- **WORK REQUEST**
Only one stretch of the data below is needed. Output the lines from the one with "Portrait of a" up to and including the one with "Young male wrestler", exactly as they stand.

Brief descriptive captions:
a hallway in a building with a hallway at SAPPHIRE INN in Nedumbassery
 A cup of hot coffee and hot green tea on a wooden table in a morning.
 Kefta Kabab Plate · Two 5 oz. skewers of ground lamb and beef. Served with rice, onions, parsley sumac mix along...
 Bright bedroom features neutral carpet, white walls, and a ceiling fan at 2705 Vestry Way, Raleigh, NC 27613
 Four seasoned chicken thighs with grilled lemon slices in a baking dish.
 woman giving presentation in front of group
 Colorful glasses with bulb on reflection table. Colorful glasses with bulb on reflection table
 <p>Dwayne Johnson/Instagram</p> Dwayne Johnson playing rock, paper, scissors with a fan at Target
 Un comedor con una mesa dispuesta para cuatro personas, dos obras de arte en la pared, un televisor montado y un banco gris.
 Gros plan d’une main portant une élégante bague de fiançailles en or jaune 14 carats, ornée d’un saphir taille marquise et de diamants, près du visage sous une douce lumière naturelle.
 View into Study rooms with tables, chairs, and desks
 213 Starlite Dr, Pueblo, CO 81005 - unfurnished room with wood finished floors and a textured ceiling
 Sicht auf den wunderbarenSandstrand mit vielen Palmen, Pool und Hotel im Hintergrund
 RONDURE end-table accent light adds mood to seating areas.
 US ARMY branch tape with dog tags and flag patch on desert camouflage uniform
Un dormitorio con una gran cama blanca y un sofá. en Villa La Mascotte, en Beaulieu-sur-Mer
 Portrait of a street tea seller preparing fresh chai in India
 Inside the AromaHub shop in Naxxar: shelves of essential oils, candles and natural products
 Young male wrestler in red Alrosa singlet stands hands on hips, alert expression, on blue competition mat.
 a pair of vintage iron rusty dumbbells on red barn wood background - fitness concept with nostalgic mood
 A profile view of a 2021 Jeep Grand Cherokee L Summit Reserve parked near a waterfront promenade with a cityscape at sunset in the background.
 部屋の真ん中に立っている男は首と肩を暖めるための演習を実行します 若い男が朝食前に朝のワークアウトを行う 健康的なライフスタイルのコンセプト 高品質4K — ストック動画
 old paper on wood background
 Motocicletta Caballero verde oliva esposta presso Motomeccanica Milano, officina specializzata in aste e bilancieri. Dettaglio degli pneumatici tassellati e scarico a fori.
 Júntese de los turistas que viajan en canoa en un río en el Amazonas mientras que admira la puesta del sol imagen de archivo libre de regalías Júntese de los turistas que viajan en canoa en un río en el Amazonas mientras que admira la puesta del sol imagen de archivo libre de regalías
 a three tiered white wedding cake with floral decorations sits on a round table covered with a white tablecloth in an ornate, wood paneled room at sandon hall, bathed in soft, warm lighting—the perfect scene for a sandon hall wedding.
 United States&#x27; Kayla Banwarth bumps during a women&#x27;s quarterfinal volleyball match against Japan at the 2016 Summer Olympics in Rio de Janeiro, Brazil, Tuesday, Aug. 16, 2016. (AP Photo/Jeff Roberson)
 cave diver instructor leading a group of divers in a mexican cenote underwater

- **RESULT OF THIS TASK**
 Portrait of a street tea seller preparing fresh chai in India
 Inside the AromaHub shop in Naxxar: shelves of essential oils, candles and natural products
 Young male wrestler in red Alrosa singlet stands hands on hips, alert expression, on blue competition mat.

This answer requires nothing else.